Last night I was chasing Matthew around while he held on tight to one of the dog's balls (get yer mind out of the gutter plus my dogs are rendered incompetent in that area... also, it is likely I ought to get my mind out of the gutter since I immediately thought that you might be thinking of something else when it comes to balls...) It is a glow in the dark ball though when would we ever consider turning the lights out and throwing a ball for our dogs to run and get is beyond me, it is what it is...
Matthew said he was the fox and I was supposed to chase him. He and I both need to burn some energy so we ran around shrieking at the top of our lungs from one end of the house to the other for a while. It was fun! That is until I twisted my ankle again. What I mean to say and can hardly believe I am admitting this - I fell to the ground screaming and writhing in pain, gripping Kevin's arm so tight he yelled 'ouch stop that' at me.
I may or may not have mentioned that a few months back I was dragging a large load of laundry down the stairs and my ankle just gave out. No reason, I did not misstep or have so much of load of laundry that I could not handle the stairs, my ankle just stopped holding me up. I like to think this has something to do with past transgressions to my body like running too much or plyometrics from swimming or gymnastics, ballet and horseback riding as a kid.
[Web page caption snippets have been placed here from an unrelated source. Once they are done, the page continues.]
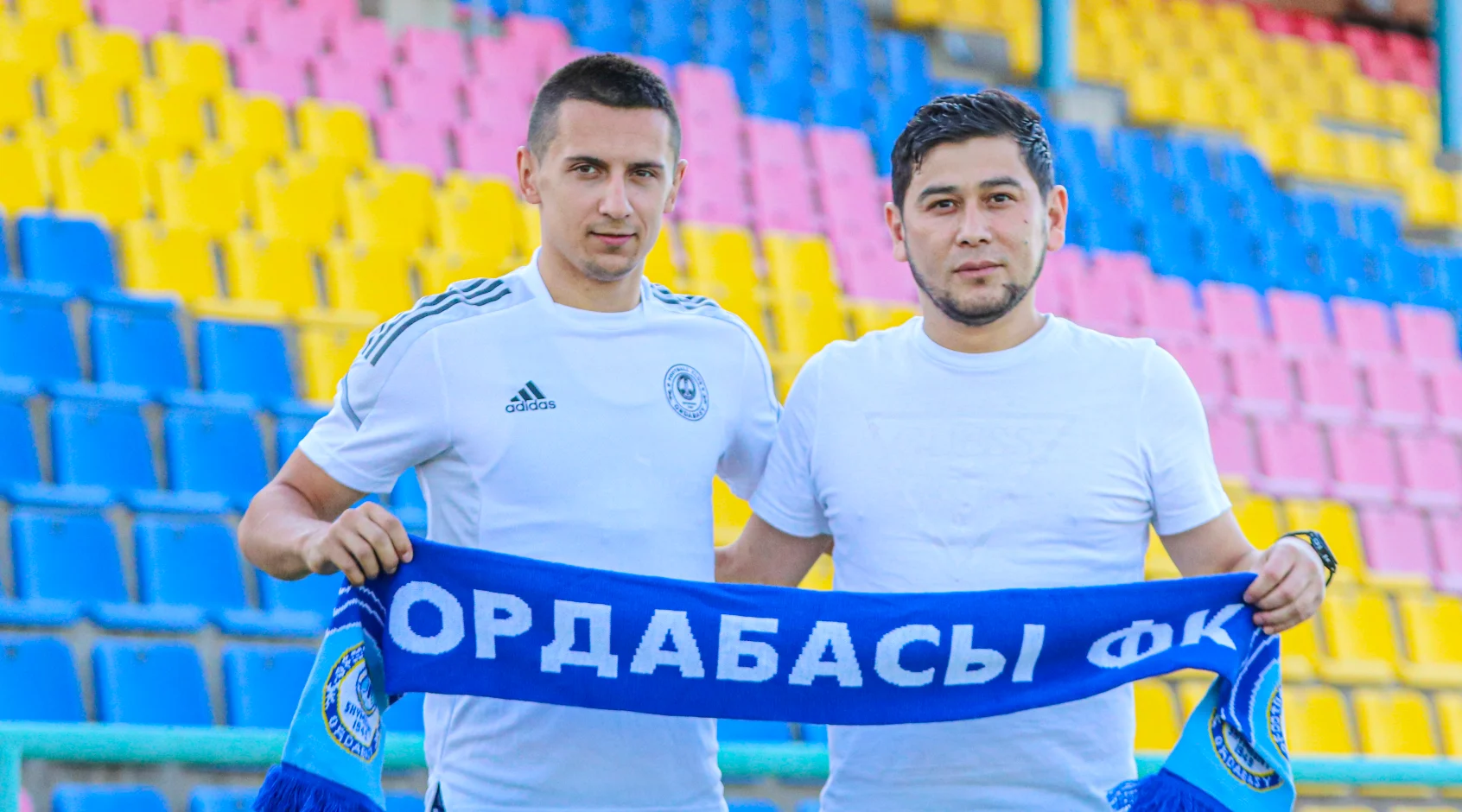 «ورداباسى» – كۋبوك يەگەرى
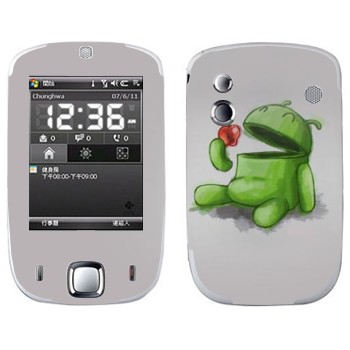   «Android  »   HTC Touch Elf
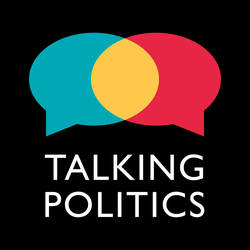 TALKING POLITICS image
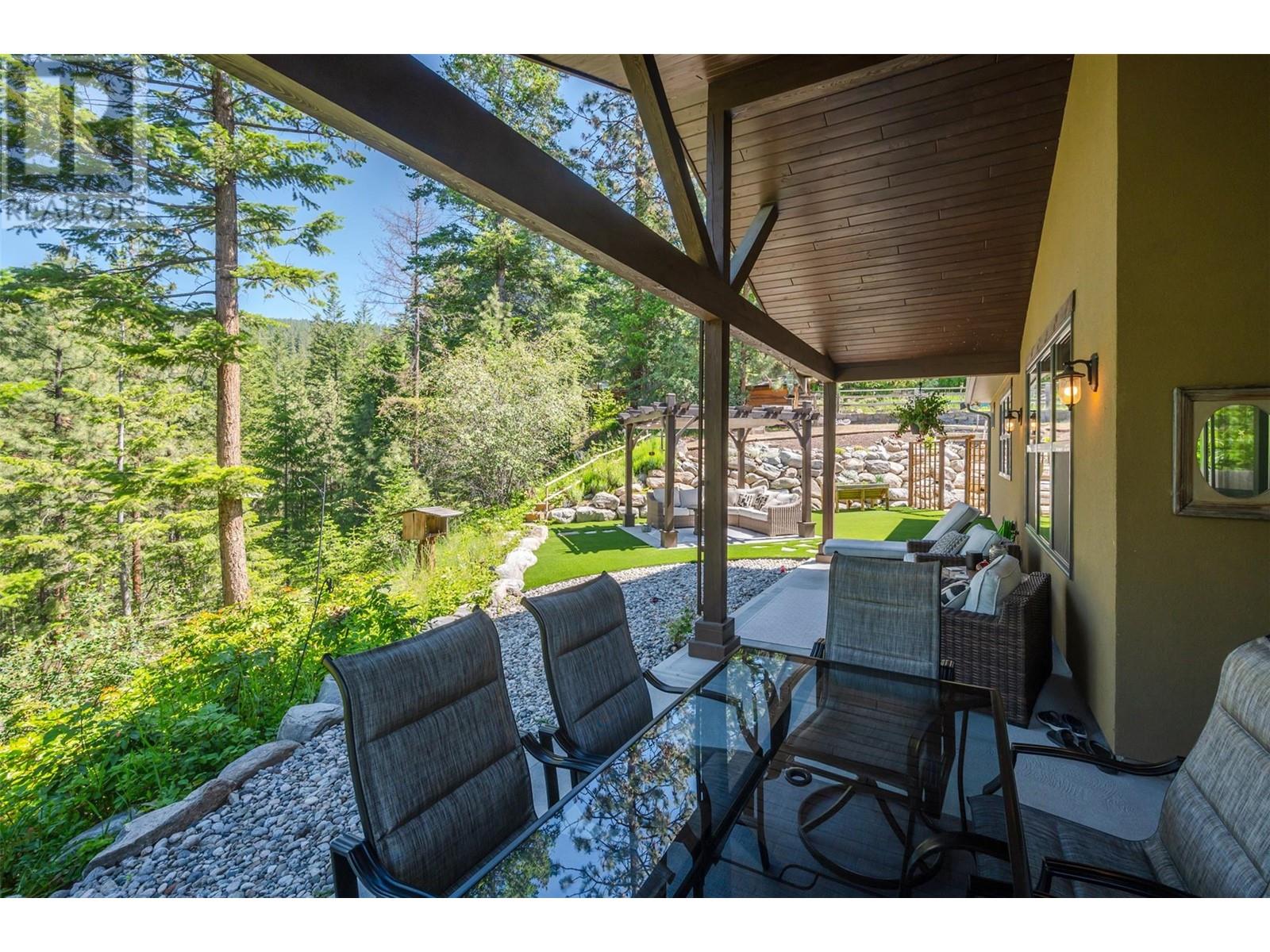 3175 Juniper Drive, Naramata, BC V0H1N1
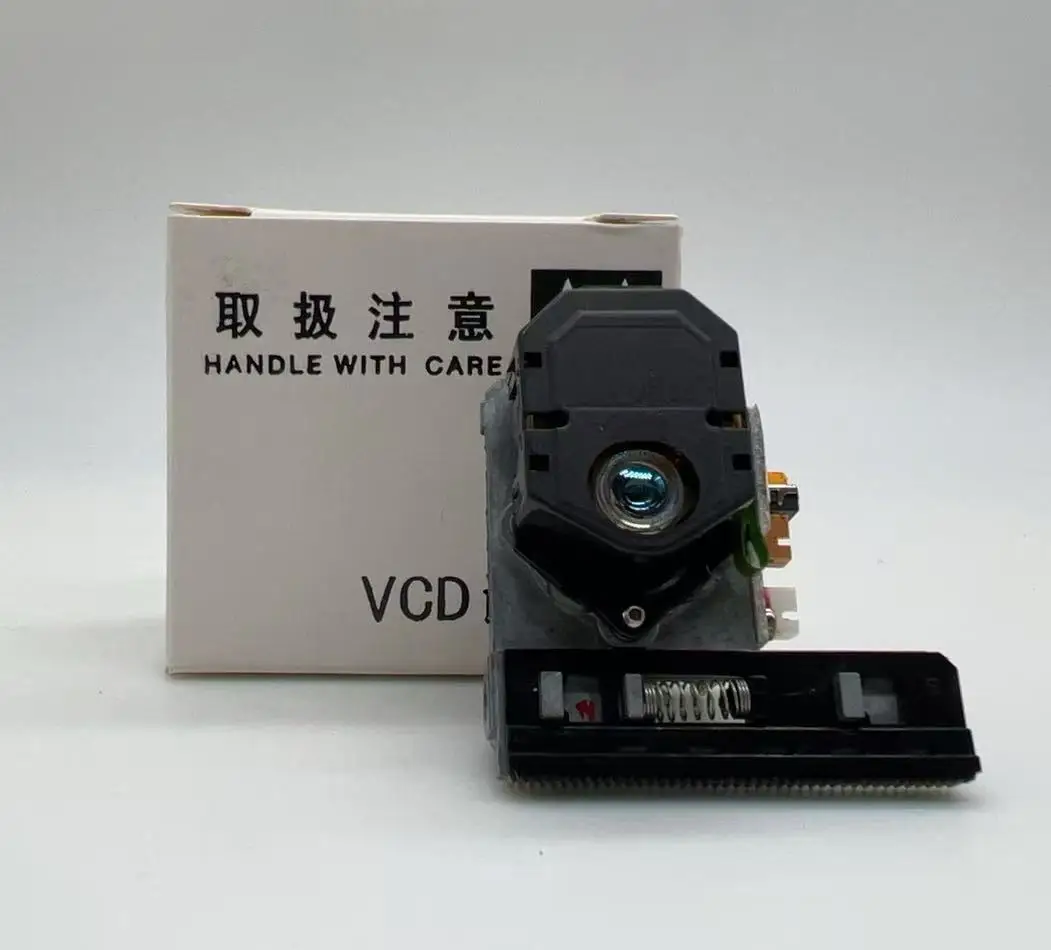 Original SOH-OT4 SOH90T4 Optical Pick up Mechanism CMS-V30A SOHOT4 CD Laser Lens Assembly For samsung CD PRO Player Accessories Image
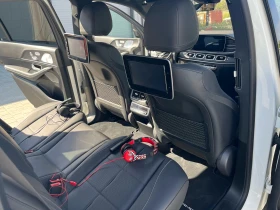 Mercedes-Benz GLS 400 FULL, снимка 6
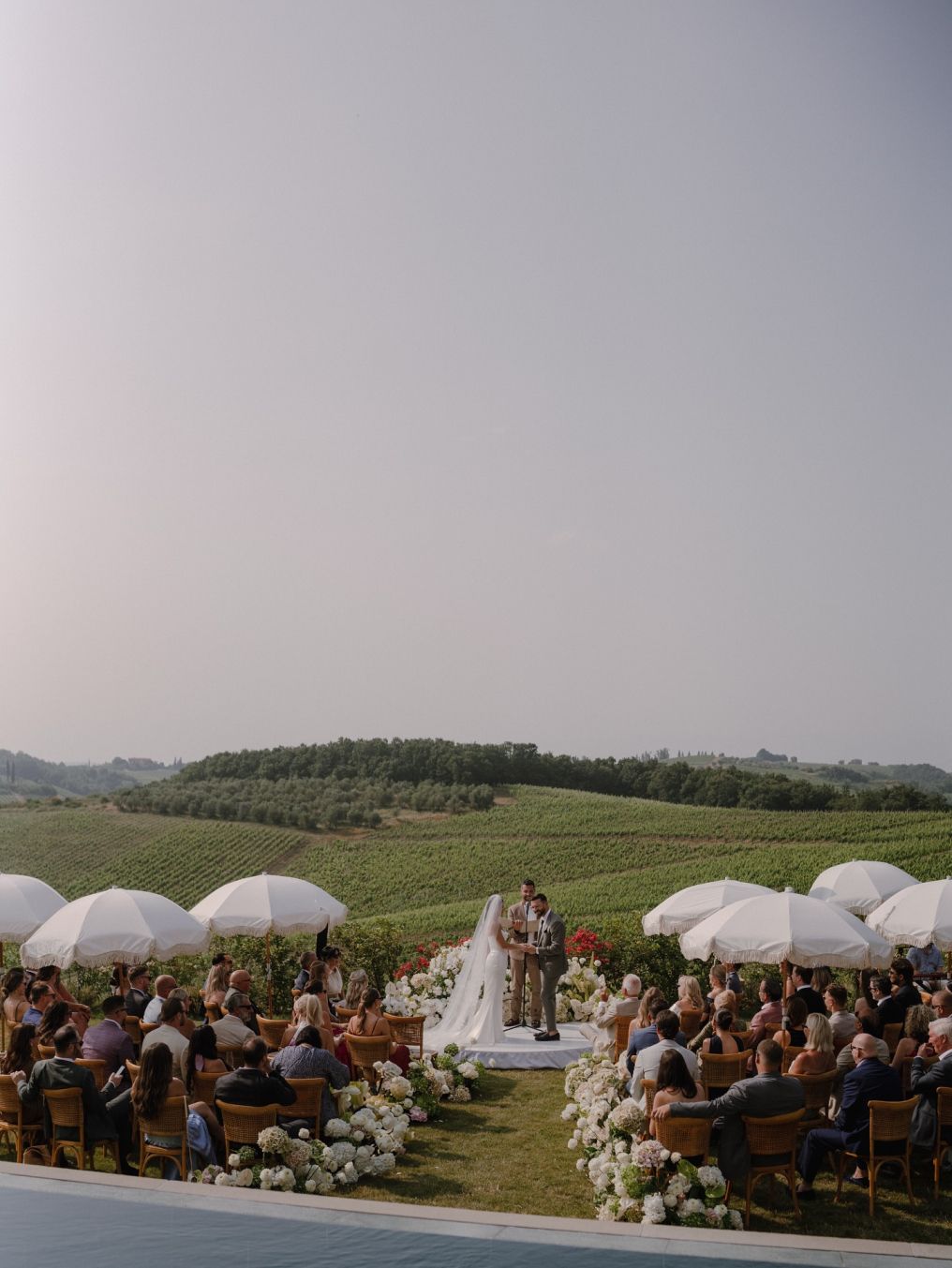 Mose & Weddings Planner photo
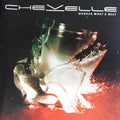 Wonder What's Next - Chevelle (2002) (Used)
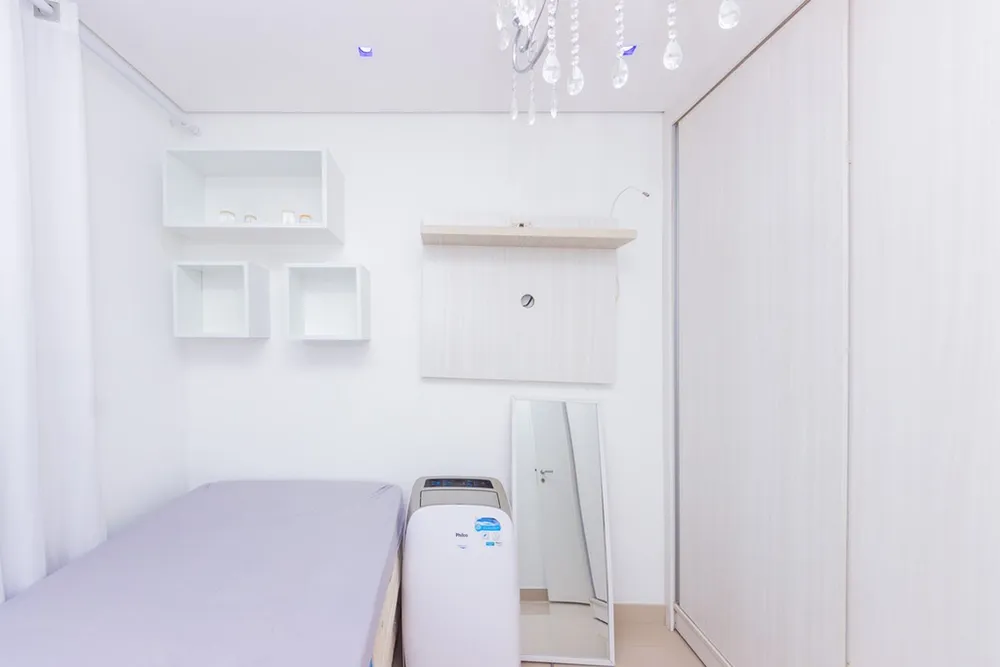 Apartamento, 3 quartos, 86 m² - Foto 2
Likely it is just that I am slightly heavier than I once was AND I hardly work out (or take care of myself) like I used to. The ankle hurts today, you know sore like a turned ankle should be. Mostly my pride is feeling the wrath of this. It goes something like this in my mind: 'you silly oaf workout more, stretch and take care of dang body. You are going to be 34 in six days NOT 24.'
It is hard this growing older stuff. Not that I am ancient but I have noticed a marked difficulty in bouncing back from stuff that used to barely phase me. I have twisted and turned ankles in the past and just kept right on going. The past few times I have turned my ankle it made me... well fall down writhing in pain...
This weakening of my body is frustrating to me and I feel I must mention this because it seems a warning to me to pay attention to my body more, to listen to what it is telling me. Not that I am just growing old (because as I previously mentioned I am not OLD) but that if I want to grow old gracefully as I have always said I want to (that is not fight aging every step of the way because boo hiss that sounds like a lot of work to me...) but embrace the aging process and understand that each year that passes means I do need to be more careful with myself because there is only one of me and there is no getting back the youthful body. That means working out or at the very least paying attention to myself more so than I have in the past.
I was mentioning to someone yesterday that there is no transition between being a 20 something free bird traveling around and enjoying being the life of the party to being a parent with a very different life. I think the same goes for aging. There is no moment (okay aside from menopause in women) in our lives where we are like 'huh, I am getting order maybe that is why my body aches more or it is harder to recover from rolling my ankle months ago..." Of course this does not mean that I will be crutching around with a walker next time you see me but mostly just that I am reminded that I need to be more gentle with myself because there is no going back to 24.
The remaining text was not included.